» GIVEN DATA:
------------------------------

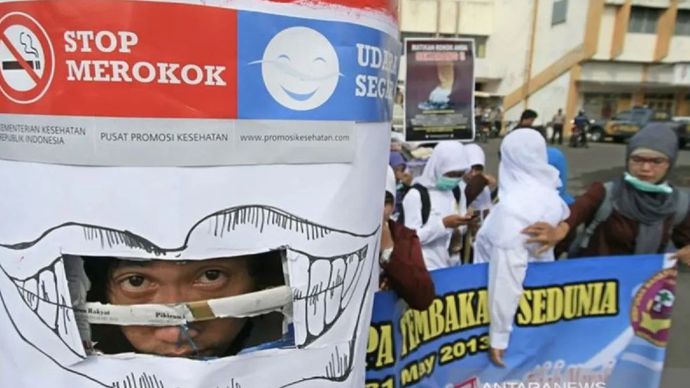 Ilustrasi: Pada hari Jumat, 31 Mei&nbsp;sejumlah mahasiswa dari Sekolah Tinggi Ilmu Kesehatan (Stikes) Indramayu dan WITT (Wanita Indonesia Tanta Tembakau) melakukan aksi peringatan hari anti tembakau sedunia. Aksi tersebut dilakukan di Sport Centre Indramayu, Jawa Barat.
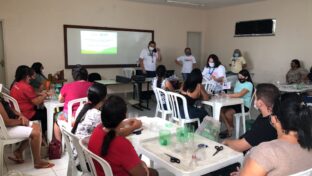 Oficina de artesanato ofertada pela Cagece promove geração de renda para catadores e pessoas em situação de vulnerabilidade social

------------------------------

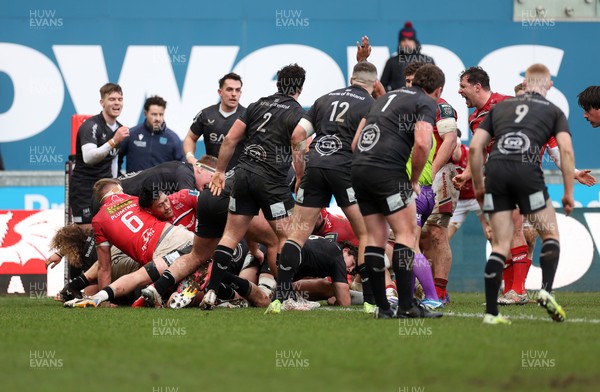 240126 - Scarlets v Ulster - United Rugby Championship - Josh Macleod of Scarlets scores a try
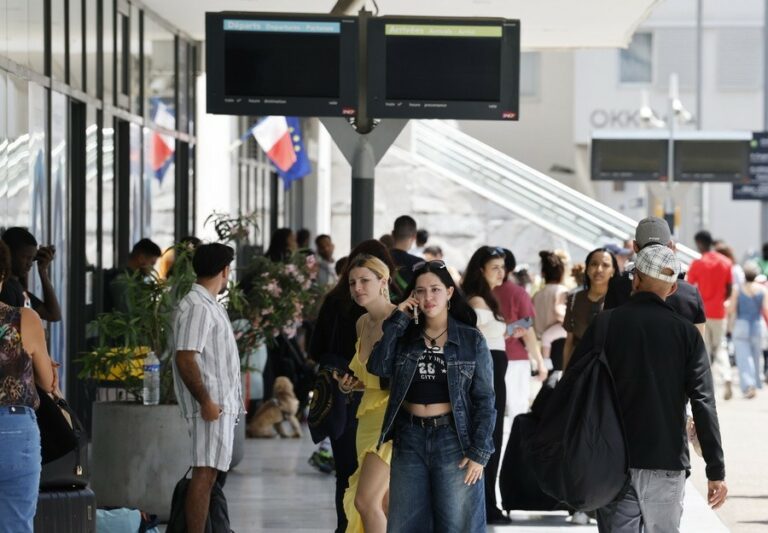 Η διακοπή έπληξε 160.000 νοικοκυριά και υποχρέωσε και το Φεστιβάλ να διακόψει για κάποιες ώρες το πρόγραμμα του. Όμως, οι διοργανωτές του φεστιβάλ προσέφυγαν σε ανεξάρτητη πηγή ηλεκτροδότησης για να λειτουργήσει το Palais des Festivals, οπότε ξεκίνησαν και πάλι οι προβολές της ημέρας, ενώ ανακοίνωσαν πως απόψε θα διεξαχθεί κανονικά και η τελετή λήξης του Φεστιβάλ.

------------------------------

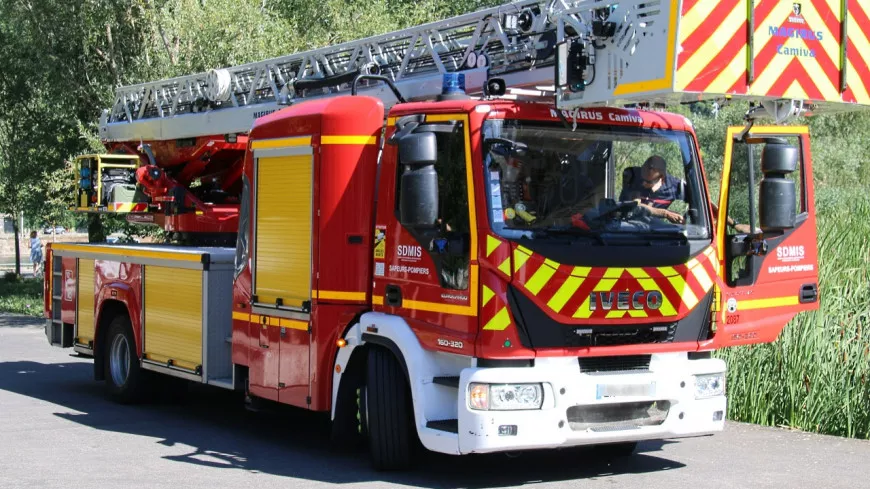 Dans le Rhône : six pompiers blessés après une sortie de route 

------------------------------

» ASSIGNMENT: Range to copy from the listing above: the line containing "Ilustrasi: Pada hari" down to the line containing "Oficina de artesanato", both included. Reproduce it exactly, minus the pictures, and add nothing.

» REPLY TO THE TASK:
 Ilustrasi: Pada hari Jumat, 31 Mei&nbsp;sejumlah mahasiswa dari Sekolah Tinggi Ilmu Kesehatan (Stikes) Indramayu dan WITT (Wanita Indonesia Tanta Tembakau) melakukan aksi peringatan hari anti tembakau sedunia. Aksi tersebut dilakukan di Sport Centre Indramayu, Jawa Barat.
 Oficina de artesanato ofertada pela Cagece promove geração de renda para catadores e pessoas em situação de vulnerabilidade social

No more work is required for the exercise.